Governance Records
CanonicalPurpose
Governance records preserve proposal context, voting outcomes, execution records, and rationale when those records come from verifiable governance sources.
Record Contents
- Proposal records
- Vote records
- Execution records
- Reason codes
- Off-chain context
- On-chain traceability where possible
Importance
Records connect governance decisions to operational execution and public accountability.
Draft Record Rules
Governance records should not be summarized as approval unless the decision source is known and reviewable. Draft notes, planning requests, and local validation reports can support context, but they do not replace governance records.

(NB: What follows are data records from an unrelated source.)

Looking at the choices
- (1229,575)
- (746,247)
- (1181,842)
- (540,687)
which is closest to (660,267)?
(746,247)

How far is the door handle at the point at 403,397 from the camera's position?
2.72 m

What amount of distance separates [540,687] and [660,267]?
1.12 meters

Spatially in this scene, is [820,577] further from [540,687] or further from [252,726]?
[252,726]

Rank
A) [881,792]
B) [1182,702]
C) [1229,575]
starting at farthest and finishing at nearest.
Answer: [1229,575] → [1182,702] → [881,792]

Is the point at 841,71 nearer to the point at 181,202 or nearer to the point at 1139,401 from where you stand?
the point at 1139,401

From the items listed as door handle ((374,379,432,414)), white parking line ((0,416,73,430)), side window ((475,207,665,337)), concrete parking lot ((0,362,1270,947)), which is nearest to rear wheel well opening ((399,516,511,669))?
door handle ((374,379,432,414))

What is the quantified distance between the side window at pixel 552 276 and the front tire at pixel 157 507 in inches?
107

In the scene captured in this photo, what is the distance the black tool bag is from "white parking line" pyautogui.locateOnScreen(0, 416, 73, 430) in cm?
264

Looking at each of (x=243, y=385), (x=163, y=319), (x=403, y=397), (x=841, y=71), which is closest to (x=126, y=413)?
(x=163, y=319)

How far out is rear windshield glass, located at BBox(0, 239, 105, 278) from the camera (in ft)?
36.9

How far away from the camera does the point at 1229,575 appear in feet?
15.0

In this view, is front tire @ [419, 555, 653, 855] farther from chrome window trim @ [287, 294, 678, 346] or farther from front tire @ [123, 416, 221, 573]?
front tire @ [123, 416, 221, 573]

Governance records should identify:
- proposal or decision identifier;
- decision body or authority;
- voting or approval result if applicable;
- scope approved;
- conditions and limitations;
- execution receipt requirement;
- supersession or rollback reference;
- publication status.
Publication Boundary
This page does not approve governance authority or execution. Public governance claims require verified records and coordinator/governance review.
Decision Record Chain
A governance record should connect a proposal to its scope, reviewer, approving authority, decision state, executor, and receipt. The minimum chain is:
proposal -> review -> decision -> authorized action -> execution receipt -> follow-up
A rejected or withdrawn proposal stops before authorization. A conditional decision records the unmet conditions. An approved decision without an authorized executor remains unexecuted. A receipt that differs from the decision requires escalation and cannot be silently treated as successful completion.
Public records may omit protected deliberation or security details, but must preserve the decision scope, authority basis, status, material conditions, and known limitations.